Conservatives are in a fistfight with human biology, medical science and objective reality
DailyBeastie.Com
2/27/202515 min read


Objective reality is a bit more complicated, bro: there's six biological sexes - we're not talking rightwingnut memes, we're talking medical science in regard to human biology, brocephus:
The Six Most Common Karyotypes
The six biological karyotype sexes that do not result in death to the fetus are:
X – Roughly 1 in 2,000 to 1 in 5,000 people (Turner’s )
XX – Most common form of female
XXY – Roughly 1 in 500 to 1 in 1,000 people (Klinefelter)
XY – Most common form of male
XYY – Roughly 1 out of 1,000 people
XXXY – Roughly 1 in 18,000 to 1 in 50,000 births
When you consider that there are 7,000,000,000 alive on the planet, there are almost assuredly tens of millions of people who are not male or female.
Many times, these people are unaware of their true sex.
It’s interesting to note that everyone assumes that they, personally, are XY or XX.
One study in Great Britain showed that 97 out of 100 people who were XYY had no idea.
They thought they were a traditional male and had few signs otherwise.
Even today, we irrationally, and rather stupidly, think of someone as a “man” if they look masculine and as a “woman” if they look feminine.
It’s entirely arbitrary and can lead to some significant misunderstandings of how the world actually works.
It Is Possible for Your Brain, Your Body, and Your Reproductive Systems to All Have Different Biological Sexes
What makes it even more complicated is that you cannot rely on karyotype alone to determine biological sex.
A few years ago, there was a story about a teenage boy who was, in all regards, perfectly normal. He looked male, he acted male, he had a fully functional male reproductive system.
He suddenly became extremely sick. He was growing sicker and could have died when it was discovered that he also had a female reproductive system internally.
When he menstruated once a month, the excess blood had nowhere to go since there was no available external exit, causing it to be reabsorbed into his body. This boy was male. However, he was also female.
It is a gross simplification to act as if he were just a boy. He was more.

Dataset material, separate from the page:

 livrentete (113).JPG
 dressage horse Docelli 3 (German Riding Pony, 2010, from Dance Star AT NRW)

Even rarer are the cases of chimeras such as Lydia Fairchild, who have multiple sets of DNA in their body so that they are not the biological parents of their own children, even when conceived through regular reproduction and birthed entirely naturally.
Biological Sex Is Not the Same As Gender
What causes some confusion in the general public is the use of biological sex and gender as interchangeable terms. They do not refer to the same thing.

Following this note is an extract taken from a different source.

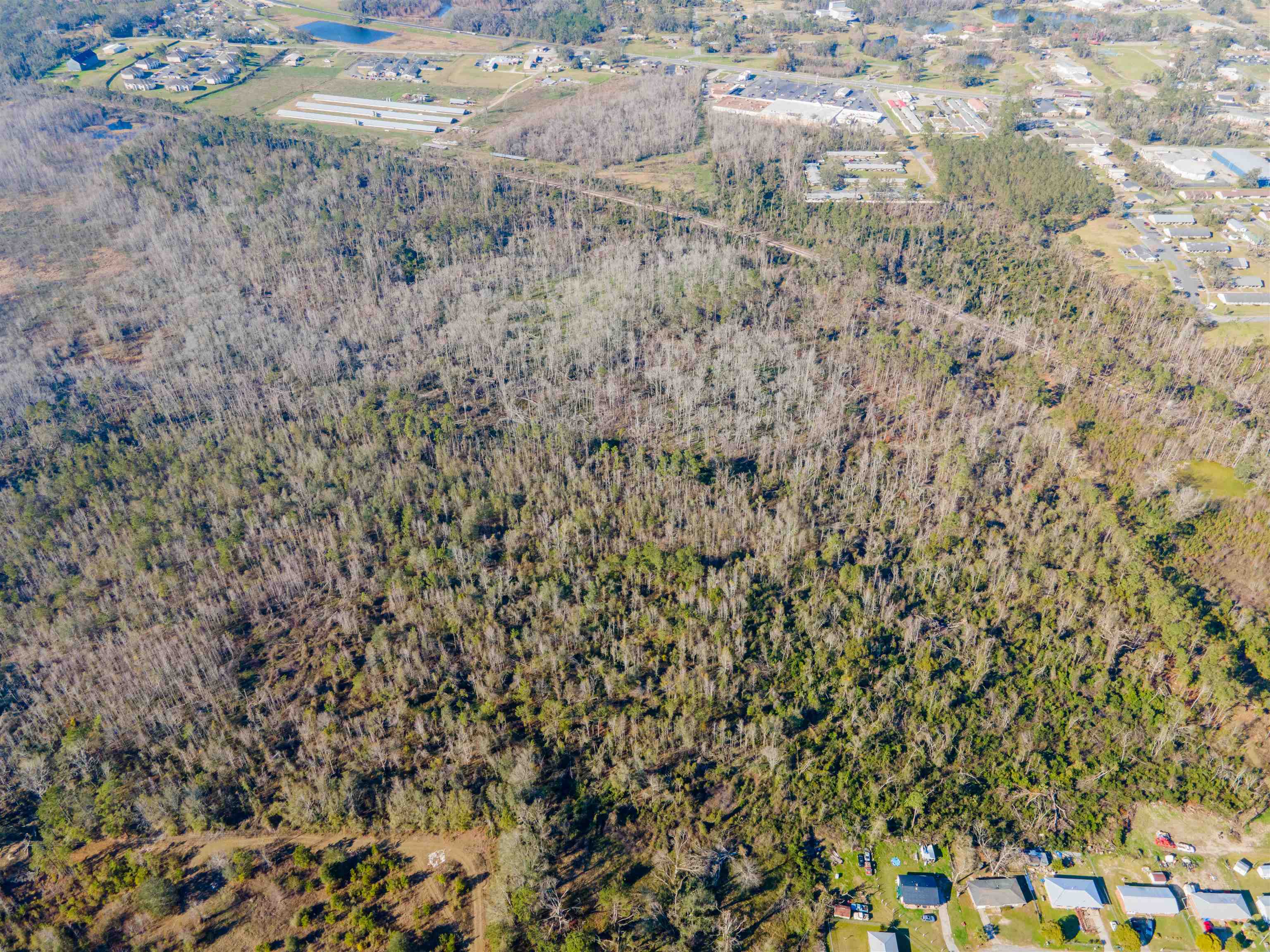 Vacant Southwest Jeanette Circle Madison, FL 32340 - Photo 2 of 18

Biological Sex – Usually determined by karyotype. The brain, body, and reproductive system can be different sexes, in the case of legitimate transgender people, where the brain physiology resembles that of the opposite sex, or biological chimeras.

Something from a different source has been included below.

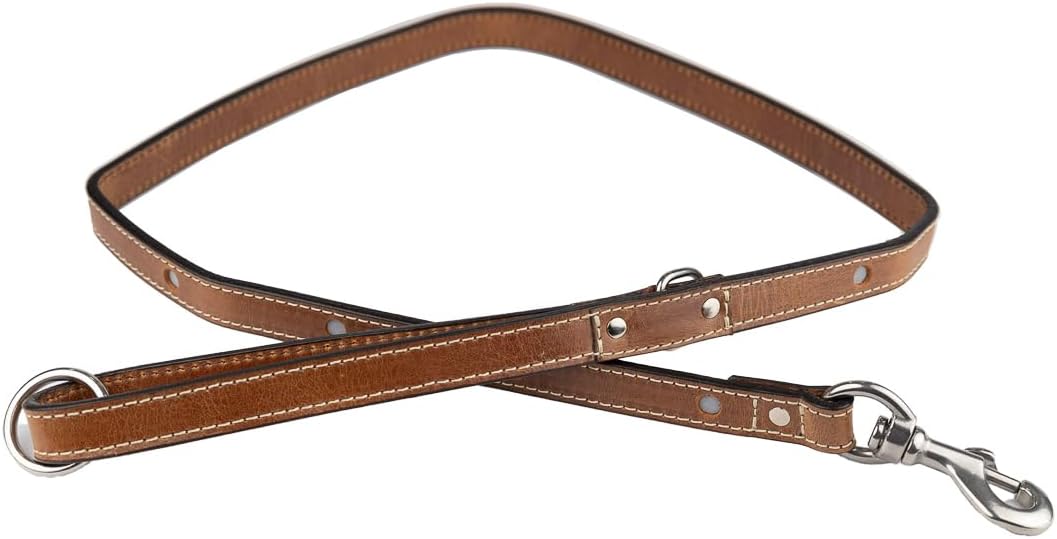 Personalized Leather Reflective Dog Leash - Custom Engraving - Handcrafted - Full Grain Leather (Vegetable Tanned) - Stainless Steel Hardware - Honey, Medium (4 ft)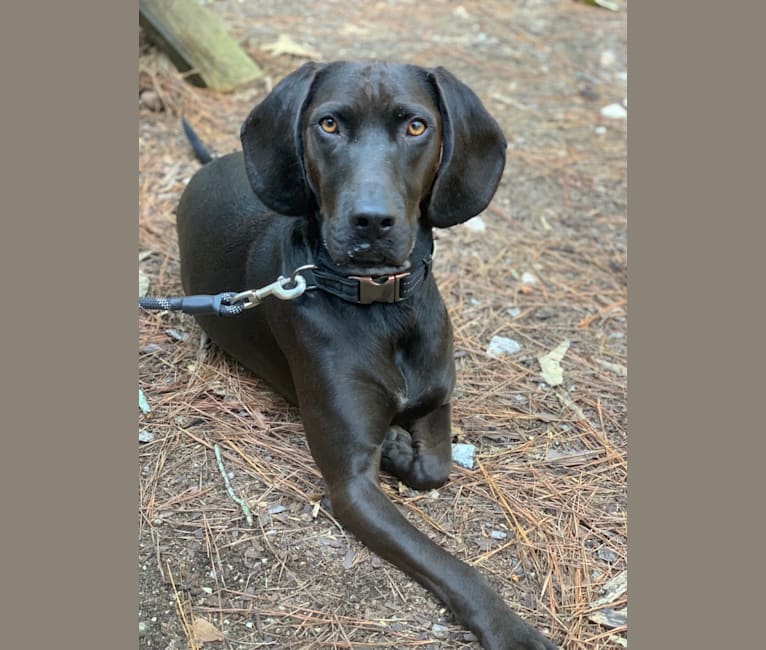 Moose, a Boykin Spaniel and Redbone Coonhound mix tested with EmbarkVet.com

Gender – Mostly used for cultural behaviors such as dress, mannerisms, signs of deference, et cetera, that differentiate the sexes, gender itself is not entirely a social construct.
As already mentioned, neuroscience research over the past few decades indicates through an overwhelming amount of evidence that gender is not a “blank slate” that is imparted entirely by civilization, but rather has some inherent characteristics that manifest regardless of upbringing or environment.
This is why some fringe activists can seriously say, “You can be a woman with a penis”, while most of the world will look at them like they have lost their mind.
They are inherently using the term “woman” to refer to gender and not biological sex.
This difference in vocabulary is responsible for virtually all conflicts between groups on issues in this arena.
They do not realize they are using a phrase to refer to two separate things that are often, but not always, congruent.
The reality is the English language is woefully inadequate to address these biological, and in some cases, psychological, conditions.
Unlike many ancient societies, we lack the requisite terms to make a differentiation.
A person who is born male with a female brain and has sexual reassignment surgery can insist that she is a woman – and mentally, she is – but it is different than a fully formed, biological woman. And therein lies the trouble.
Native American Indian tribes, Middle Eastern kingdoms … they had words to explain these things as they recognized reality a bit faster than we in the West have.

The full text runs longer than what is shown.